Abbott’s Metal Shop Destroyed

From the Colon Express, November 20, 1952:”Good Work of Firemen Saves Other Buildings

Abbott’s Magic Novelty Company is gradually getting its several departments organized from the effects of the fire Saturday morning which completely wiped out the metal shop building on Canal Street, together with all the machinery and supplies in storage.

The fire was discovered shortly after 4:00 o’clock Saturday morning and had evidently been burning for some time, getting a good start. The fire started in the front part of the building and when heat or an explosion from inside shattered the front windows, the noise aroused Mrs. Anna Whitford and daughter, Mrs. W. C. Schultz, who turned in the alarm.

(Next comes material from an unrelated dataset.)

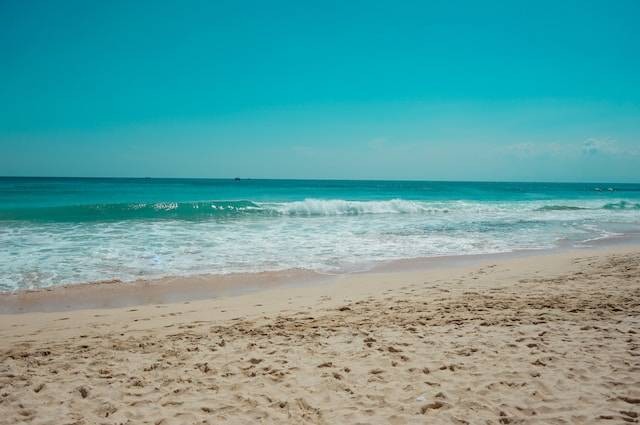 Pantai Dreamland Bali. Sumber Foto: Devon Daniel / Unsplash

The Colon firemen responded quickly and realizing more help was needed to confine the blaze to the one building, the Burr Oak truck was called. The firemen did a good job confining the blaze to the Abbott building which was completely destroyed within an hour.

The Whitford home, garage and barn were all in the danger zone to the west and south of the burning building, but all were saved, but somewhat damaged. The house will need new windows and repainting. The Farrand barn, just across the alley to the east, was also saved, with considerable damage to the siding.

The south part of the building was of cement block construction and it was those walls which protected the adjoining buildings, possibly preventing more serious results.

The Abbott’s have five buildings, each housing a different department. The burned structure housed much of the metal working equipment and machinery, as well as hard-to-replace metal supplies. All the stage equipment, tents and chairs, used for the big get-together, were stored in the upper story of the building. All was consumed in the blaze.

Percy Abbott was in Chicago on business and arrived home a few hours after being notified of the loss. Recil Bordner, the other member of the company, was at the scene of the fire but unable to rescue more than a few plans and blueprints. The loss is partially covered by insurance. Many of the secret patterns and drawings will be difficult to replace.

The owners are undecided as yet regarding rebuilding at the same site.”